▸ Supplied material:
= Beginning of Section =

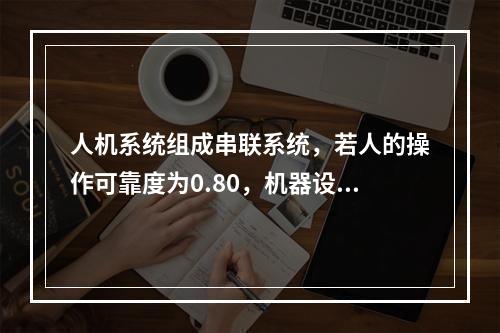 人机系统组成串联系统，若人的操作可靠度为0.80，机器设备可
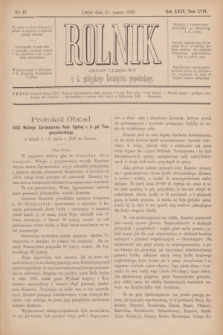 Rolnik : organ urzędowy c. k. galicyjskiego Towarzystwa gospodarskiego. R.29, T.57, Nr. 12 (21 marca 1896)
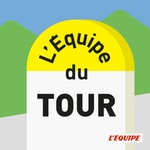 Podcast L'Équipe du Tour, le podcast cylisme de L'Équipe sur le Tour de France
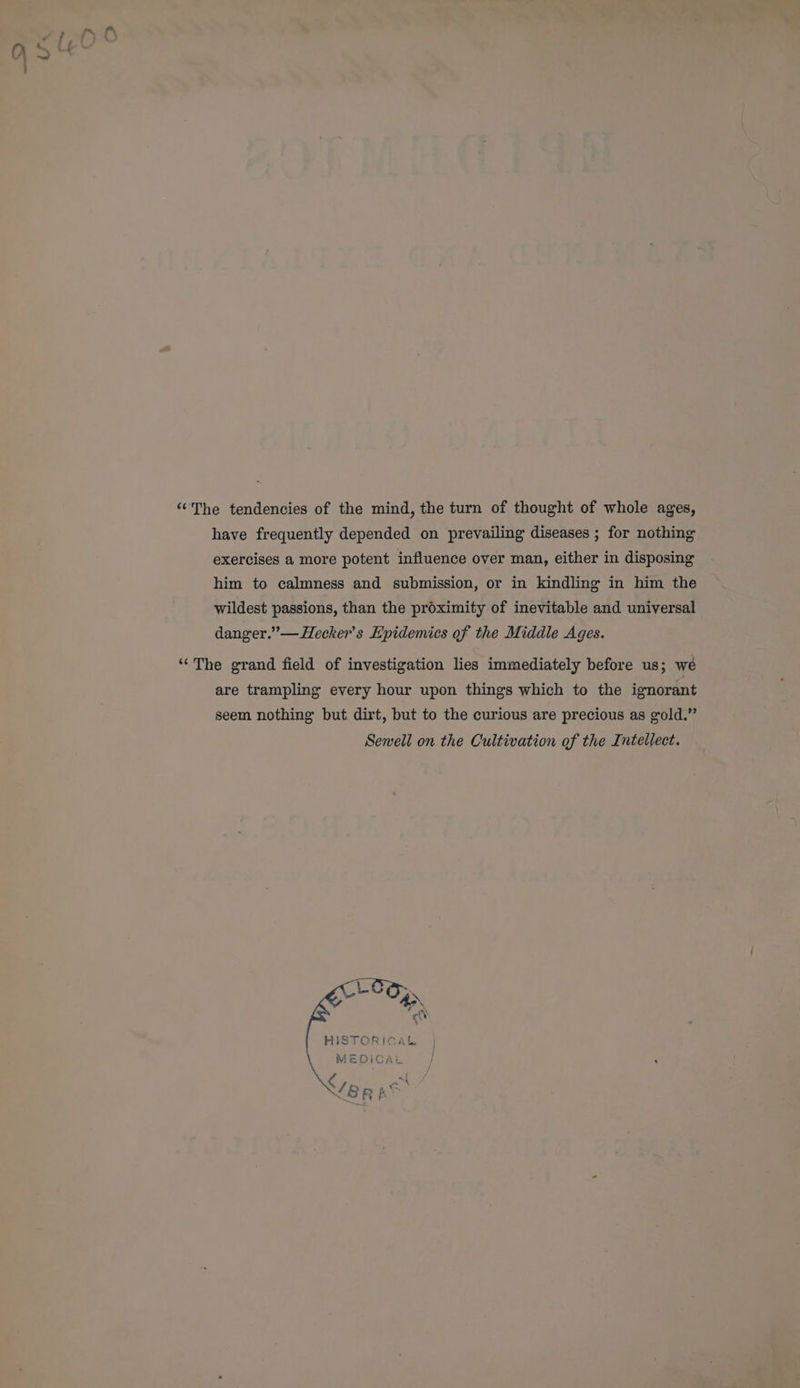 “The tendencies of the mind, the turn of thought of whole ages, have frequently depended on prevailing diseases ; for nothing exercises a more potent influence over man, either in disposing him to calmness and submission, or in kindling in him the wildest passions, than the proximity of inevitable and universal danger.” —Hecker’s Epidemics of the Middle Ages. “The grand field of investigation lies immediately before us; wé are trampling every hour upon things which to the ignorant seem nothing but dirt, but to the curious are precious as gold.” Sewell on the Cultivation of the Intellect. HISTORICAL | MEDICAL }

= End of Section =

▸ Goal of the exercise: Please retype the listing above word for word, skipping each picture.

▸ Finished exercise:
 人机系统组成串联系统，若人的操作可靠度为0.80，机器设备可
 Rolnik : organ urzędowy c. k. galicyjskiego Towarzystwa gospodarskiego. R.29, T.57, Nr. 12 (21 marca 1896)
 Podcast L'Équipe du Tour, le podcast cylisme de L'Équipe sur le Tour de France
 “The tendencies of the mind, the turn of thought of whole ages, have frequently depended on prevailing diseases ; for nothing exercises a more potent influence over man, either in disposing him to calmness and submission, or in kindling in him the wildest passions, than the proximity of inevitable and universal danger.” —Hecker’s Epidemics of the Middle Ages. “The grand field of investigation lies immediately before us; wé are trampling every hour upon things which to the ignorant seem nothing but dirt, but to the curious are precious as gold.” Sewell on the Cultivation of the Intellect. HISTORICAL | MEDICAL }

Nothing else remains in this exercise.